Monday 13 September 2010

The smell of Fall.


So I'm just back from Edinburgh.
I say 'just'; it's been over two weeks, but it's taken all of that time to re-adjust to Beccles Town.
For a start, the streets of my rural abode aren't littered with A5 paper-flyers, themselves littered with quotes & reasons as to why I should 'not miss' a particular show.
If Beccles needed to advertise in this way, it would probably put up one hoarding saying "It's a bit shit, but pop-in if you're free?"
This will be the title of my next show.

The other thing that sets Suffolk apart from Scotland's capital city, is the smell.
At this time of year we are constantly awakening to a fug that can only be described as 'shitty'.
As a child, my parents would chastise me for wrinkling my nose, and follow this up with "It's only a bit of muck!"
For the past few years however, 'a bit of muck' has begun to smell like human faeces.
I'm reliably told that it is chicken-shit, lovingly matured by the local poultry 'manufacturers' a la Mr.Matthews, but I'm also reliably told (by another source) that the local water companies sell-on our own human waste, which is then degraded to a rich-smelling manure, for use in agro-chemical spreading.
It's not pleasant.
My wife says it smells like blood & bone, or kitten-kibble, and this makes me think it isn't in anyway similar to the grassy horse-poo we use on the allotment!

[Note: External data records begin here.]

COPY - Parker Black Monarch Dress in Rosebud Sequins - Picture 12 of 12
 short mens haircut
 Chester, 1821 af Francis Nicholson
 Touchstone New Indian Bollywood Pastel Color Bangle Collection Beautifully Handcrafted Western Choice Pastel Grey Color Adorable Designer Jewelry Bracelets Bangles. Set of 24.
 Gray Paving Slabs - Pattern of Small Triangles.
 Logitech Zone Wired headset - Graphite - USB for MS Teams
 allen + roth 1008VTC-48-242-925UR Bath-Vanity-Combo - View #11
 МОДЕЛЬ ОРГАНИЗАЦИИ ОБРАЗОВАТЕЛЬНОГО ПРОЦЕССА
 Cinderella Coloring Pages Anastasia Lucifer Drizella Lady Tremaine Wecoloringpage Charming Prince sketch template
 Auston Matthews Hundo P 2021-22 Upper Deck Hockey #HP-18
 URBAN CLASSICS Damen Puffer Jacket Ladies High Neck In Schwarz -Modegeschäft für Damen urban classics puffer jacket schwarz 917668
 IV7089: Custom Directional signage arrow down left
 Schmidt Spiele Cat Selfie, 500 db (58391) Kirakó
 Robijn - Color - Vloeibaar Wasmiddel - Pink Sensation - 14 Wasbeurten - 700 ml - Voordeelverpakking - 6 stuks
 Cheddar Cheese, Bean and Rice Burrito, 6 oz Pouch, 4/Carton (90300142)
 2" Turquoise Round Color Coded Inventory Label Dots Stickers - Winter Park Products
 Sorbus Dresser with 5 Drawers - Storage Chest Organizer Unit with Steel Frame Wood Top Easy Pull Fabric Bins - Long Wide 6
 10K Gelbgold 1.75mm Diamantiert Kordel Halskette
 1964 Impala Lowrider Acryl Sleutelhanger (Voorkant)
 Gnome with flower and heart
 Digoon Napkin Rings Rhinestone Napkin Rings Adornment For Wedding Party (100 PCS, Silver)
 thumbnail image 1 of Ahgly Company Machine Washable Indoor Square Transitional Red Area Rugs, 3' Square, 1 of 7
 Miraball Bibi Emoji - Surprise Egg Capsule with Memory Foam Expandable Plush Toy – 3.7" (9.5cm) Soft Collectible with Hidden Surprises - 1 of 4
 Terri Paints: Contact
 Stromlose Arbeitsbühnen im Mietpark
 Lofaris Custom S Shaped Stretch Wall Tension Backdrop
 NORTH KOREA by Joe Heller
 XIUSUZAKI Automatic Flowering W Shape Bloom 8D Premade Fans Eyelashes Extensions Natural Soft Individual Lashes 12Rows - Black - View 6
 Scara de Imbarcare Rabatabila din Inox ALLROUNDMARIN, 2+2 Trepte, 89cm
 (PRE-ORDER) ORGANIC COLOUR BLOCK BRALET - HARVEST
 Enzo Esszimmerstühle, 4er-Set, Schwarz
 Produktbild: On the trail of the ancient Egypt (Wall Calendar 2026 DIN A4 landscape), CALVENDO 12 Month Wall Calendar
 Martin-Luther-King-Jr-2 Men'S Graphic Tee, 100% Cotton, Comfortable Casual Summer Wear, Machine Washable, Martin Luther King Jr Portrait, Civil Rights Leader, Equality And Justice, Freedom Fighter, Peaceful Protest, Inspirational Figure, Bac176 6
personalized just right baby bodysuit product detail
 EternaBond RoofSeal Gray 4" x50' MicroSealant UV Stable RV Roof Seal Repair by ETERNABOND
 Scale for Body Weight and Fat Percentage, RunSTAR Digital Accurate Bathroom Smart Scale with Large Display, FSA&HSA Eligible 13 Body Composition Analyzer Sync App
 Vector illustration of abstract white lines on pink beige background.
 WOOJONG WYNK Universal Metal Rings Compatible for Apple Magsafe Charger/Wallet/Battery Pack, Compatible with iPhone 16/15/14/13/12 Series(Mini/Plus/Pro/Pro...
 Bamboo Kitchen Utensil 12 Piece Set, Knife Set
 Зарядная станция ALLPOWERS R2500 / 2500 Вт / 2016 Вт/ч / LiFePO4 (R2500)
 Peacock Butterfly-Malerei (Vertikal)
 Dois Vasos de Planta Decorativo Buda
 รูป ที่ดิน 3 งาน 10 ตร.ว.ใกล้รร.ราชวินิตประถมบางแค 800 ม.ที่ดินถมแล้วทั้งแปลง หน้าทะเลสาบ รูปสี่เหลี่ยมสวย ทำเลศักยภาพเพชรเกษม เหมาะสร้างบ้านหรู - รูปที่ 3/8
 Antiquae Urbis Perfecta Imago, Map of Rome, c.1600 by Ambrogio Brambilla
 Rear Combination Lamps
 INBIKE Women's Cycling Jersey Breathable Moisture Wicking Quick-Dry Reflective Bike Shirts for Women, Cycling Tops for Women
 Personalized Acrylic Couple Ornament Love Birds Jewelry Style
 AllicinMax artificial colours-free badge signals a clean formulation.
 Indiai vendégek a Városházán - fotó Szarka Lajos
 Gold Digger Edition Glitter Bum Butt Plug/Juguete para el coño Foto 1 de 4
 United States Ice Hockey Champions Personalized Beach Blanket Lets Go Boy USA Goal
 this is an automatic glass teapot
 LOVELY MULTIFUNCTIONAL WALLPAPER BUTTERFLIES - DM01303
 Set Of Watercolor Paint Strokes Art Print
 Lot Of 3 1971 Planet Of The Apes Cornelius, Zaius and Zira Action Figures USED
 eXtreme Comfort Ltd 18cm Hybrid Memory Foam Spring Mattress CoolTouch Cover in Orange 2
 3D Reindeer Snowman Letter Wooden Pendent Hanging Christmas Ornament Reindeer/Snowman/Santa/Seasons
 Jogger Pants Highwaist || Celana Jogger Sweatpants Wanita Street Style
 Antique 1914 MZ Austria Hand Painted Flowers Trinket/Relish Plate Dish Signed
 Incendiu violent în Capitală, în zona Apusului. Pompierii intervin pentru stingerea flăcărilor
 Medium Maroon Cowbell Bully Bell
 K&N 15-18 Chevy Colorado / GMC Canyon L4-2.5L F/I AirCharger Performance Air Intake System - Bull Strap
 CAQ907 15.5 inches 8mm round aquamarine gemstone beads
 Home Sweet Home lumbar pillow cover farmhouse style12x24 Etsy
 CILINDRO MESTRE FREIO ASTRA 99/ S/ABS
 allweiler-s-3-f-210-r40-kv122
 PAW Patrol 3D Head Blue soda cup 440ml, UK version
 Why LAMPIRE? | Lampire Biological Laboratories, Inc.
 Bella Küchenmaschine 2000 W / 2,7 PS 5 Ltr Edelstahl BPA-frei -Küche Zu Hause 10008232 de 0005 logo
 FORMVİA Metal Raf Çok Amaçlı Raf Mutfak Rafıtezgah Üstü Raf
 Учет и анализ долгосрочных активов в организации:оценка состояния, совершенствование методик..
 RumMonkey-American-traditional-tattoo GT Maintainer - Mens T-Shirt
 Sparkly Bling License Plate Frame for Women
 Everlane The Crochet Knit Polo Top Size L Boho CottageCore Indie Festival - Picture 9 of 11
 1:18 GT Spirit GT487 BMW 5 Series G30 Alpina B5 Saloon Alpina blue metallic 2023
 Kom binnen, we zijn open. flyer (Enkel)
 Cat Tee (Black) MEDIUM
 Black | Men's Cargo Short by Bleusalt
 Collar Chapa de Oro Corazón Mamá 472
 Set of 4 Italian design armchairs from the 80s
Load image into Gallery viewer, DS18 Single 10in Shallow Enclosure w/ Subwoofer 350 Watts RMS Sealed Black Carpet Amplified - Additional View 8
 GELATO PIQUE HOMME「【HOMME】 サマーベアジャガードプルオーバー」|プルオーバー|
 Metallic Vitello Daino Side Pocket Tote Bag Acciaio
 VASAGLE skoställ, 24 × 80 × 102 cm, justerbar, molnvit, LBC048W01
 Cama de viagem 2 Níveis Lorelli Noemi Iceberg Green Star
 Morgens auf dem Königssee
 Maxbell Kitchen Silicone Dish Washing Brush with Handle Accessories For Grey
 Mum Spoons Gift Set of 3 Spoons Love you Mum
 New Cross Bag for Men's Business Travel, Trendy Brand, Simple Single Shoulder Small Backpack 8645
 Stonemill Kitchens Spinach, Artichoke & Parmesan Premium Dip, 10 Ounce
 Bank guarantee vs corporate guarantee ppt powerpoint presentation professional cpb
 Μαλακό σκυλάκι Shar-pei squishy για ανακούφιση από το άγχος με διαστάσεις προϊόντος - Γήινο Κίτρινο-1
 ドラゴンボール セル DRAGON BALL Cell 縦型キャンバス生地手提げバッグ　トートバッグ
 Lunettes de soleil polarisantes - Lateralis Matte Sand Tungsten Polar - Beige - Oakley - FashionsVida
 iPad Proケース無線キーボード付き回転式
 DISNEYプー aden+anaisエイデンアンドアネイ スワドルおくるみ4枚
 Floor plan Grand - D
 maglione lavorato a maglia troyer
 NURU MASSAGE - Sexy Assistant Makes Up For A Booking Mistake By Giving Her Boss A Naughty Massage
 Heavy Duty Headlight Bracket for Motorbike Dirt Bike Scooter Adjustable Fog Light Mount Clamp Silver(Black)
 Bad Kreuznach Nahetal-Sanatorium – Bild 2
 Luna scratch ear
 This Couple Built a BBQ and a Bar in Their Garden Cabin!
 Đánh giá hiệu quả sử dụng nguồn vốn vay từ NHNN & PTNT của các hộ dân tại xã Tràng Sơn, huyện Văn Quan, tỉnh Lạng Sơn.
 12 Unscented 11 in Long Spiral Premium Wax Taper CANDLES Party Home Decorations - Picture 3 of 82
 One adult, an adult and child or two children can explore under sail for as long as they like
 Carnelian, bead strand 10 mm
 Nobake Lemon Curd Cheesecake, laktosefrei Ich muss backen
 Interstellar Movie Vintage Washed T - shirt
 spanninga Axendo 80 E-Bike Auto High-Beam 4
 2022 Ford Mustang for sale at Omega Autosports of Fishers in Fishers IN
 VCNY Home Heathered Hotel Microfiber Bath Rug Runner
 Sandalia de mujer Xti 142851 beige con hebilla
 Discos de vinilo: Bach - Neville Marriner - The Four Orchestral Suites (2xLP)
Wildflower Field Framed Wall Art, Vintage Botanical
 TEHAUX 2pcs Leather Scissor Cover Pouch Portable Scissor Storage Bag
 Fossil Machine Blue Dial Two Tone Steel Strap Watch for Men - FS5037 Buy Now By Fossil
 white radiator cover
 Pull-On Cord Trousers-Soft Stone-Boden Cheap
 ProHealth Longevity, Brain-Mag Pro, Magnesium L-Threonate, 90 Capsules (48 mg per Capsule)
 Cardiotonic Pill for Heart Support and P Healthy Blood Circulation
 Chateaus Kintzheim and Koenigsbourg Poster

Anyway; today the air is free of smells.
It's blustery, sunny & cool, and there's a distinct sense that a new seasonal-chapter is about to open.
I love autumn.
I love it so much, I don't mind referring to it as 'Fall'.
For clean-freaks like me, September is a time to start emptying those slug-pubs, turning the compost-heap, harvesting the last corn-cobs, tomatoes & elderberries, chopping up firewood and tidying up the land, as we head into the ever-darkening months of winter.
I love days like these.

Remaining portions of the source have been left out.